A number of people have asked about blockPtr[]. Note that in all of our
Inodes, blockPtr is of a fixed length (20 to be exact). The reason
we do this is that when we write our data out to the simulated disk, it
must be placed in a known location (e.g., the starting location of each
Inode must be known within the set of bytes representing the directory
so that we know how to unpack the data). If different Inodes had different
sizes (e.g., different numbers of blockPtr's or different length names),
then the Inodes would not start at known and regularly-spaced locations.
So - most of the time, the values stored within blockPtr are going to be
invalid. It is only as we assign blocks to the directory that we fill in
the entries with numbers that correspond to blocks drawn from the free block
pool. Specifically, a directory will have exactly one block assigned to
it (so blockPtr[1..20] will contain invalid entries), and a file will
have any number of valid entries (from 0 to 20). How many valid
entries will a file have? ((size-1)/1024)+1 (assuming -1/N = -1)...
The derivation is left to the reader.
The byte offset for the first free byte in a file is (size)%1024
The job of AllocBlocks() is to find blocks in the free block pool, and
destructively modify blockPtr[] so that it points to these new blocks
(recall that objects in Java are passed by reference and not by value). Also,
these newly assigned blocks must be removed from the pool.
The job of DeallocBlocks() is to return a set of known blocks to the
pool.
Finally: a number of people have had trouble with this: integers in
your computers are stored in binary format (signed integers are stored
in two-compliment binary, to be exact). Whether we write these
numbers in decimal, hex, octal, or base 42, is just about making it
easier for us humans to read the numbers (and nothing else). So - it does
not make any sense to implement code that performs conversions between the
different formats (unless you are talking about a user interface).
So - how does one manipulate these numbers in Java? The easiest operators
to use are / and % (the integer, not the floating poing operators), and
<< and >> (the bit shift left and bit shift right operators).
December 5:
FileSystemAbstract.java has been
changed. One line in the specification of create() read:
// 2. The file does not exist
and has now been changed to read:
// 2. The directory does not exist
December 4: See below to for some example logs from the test scripts.
Also - you will find these variable declarations
in FileSystemAbstract.java, but that they are not used anywhere. You may
choose to use them as you see fit (or you may ignore them):
protected int f_index; // Set by getFileRef()
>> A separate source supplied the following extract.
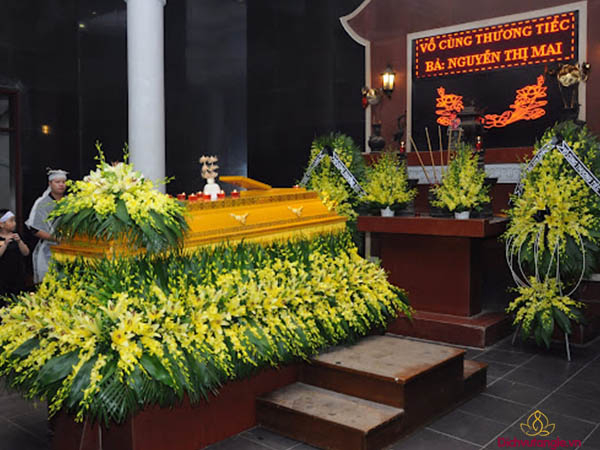 Vòng hoa viếng - ý nghĩa tâm linh trong các lễ viếng đám ma 2021 2 Vòng hoa tang lễ và những ý nghĩa lớn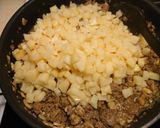 รูปขั้นตอนการทำที่ 2 ของ หัวขึ้นฉ่ายอบ celery root with champion and minced meat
protected DirectoryBlock db; // Set by getFileRef()
protected String fname; // Set by getFileRef()
December 3: having trouble with missing String methods
split() and matches()? Make sure that you are using version 1.4 or
1.4.1 of the jvm.
All of the files that this page references are bundled into
filesystem.tar.
Purpose of Assignment
In this assignment, you will learn about how the abstract notion of a
file system is mapped onto a raw disk.
You may work with one other person in the class. If
you choose to do so, please send email to the professor and the TAs
in order to indicate who your partner will be and which of the two
of you will be handing in the program (if this is different from lab 3). Do not share/accept
code with/from anyone else or the net.
If you choose to turn in your program late (up to 4 days with
penalties), you must send email when you are ready for it to be picked up.
Where to do your work
For this lab, place your final submission in the following directory:
~/cs377/lab4
If your files are not located in the right place or our robot cannot read
your lab at the time of submission, then we will not be able to
grade it. In order to make sure that our robot can pick up your program,
please check things by executing the ~fagg/bin/checkhw
script with the lab4
parameter. Programs that are not
handed in properly will not be graded.
You need only hand-in one copy of your program.
The Problem
We will simulate a disk using a randomAccess file class in Java. This
approach allows us to open the simulated disk in a combined read/write
mode and allows us to arbitrarily position the read/write head
anywhere in the file between read and write operations. Many of these
low-level details are already handled for you in the provided classes, but
understanding how they work will aid in your debugging process.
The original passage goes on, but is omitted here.